** PROVIDED MATERIAL follows **
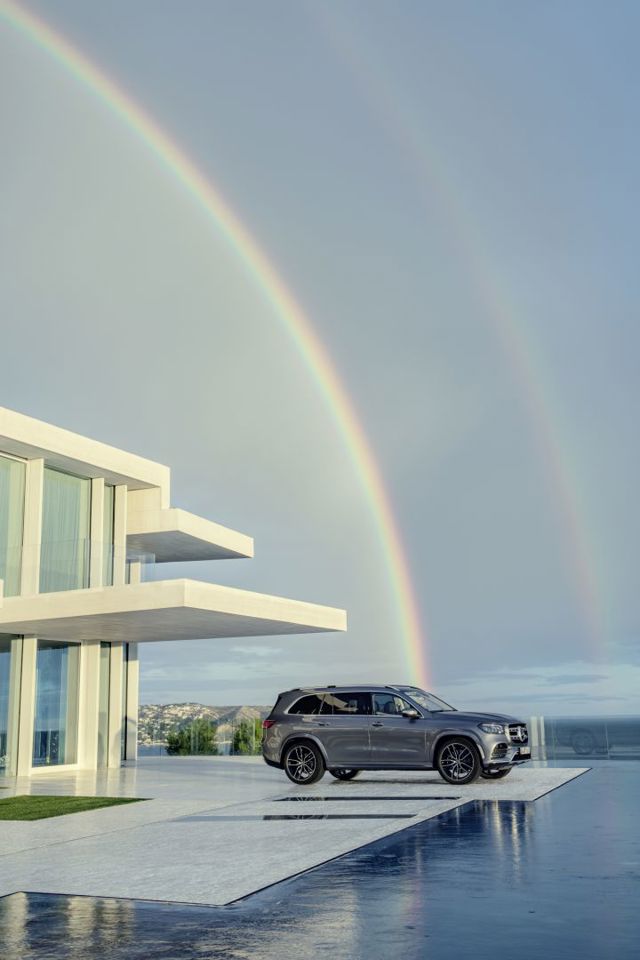 Mercedes Benz Gls-Class photo 14
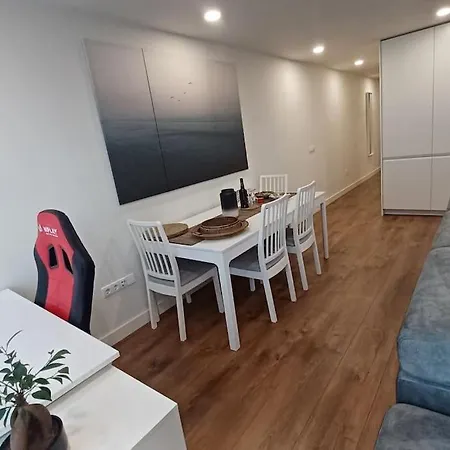 Apartment A H - Downtown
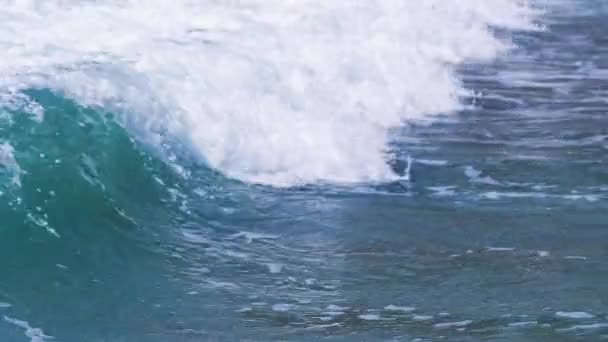 Fale Morskie Zwijają Się Rury Wybrzeżu Wysokiej Jakości Materiał Wideo — Wideo stockowe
** End of PROVIDED MATERIAL **
AIM OF THE EXERCISE
Return the listing verbatim, pictures omitted.

YOUR RESPONSE
 Mercedes Benz Gls-Class photo 14
 Apartment A H - Downtown
 Fale Morskie Zwijają Się Rury Wybrzeżu Wysokiej Jakości Materiał Wideo — Wideo stockowe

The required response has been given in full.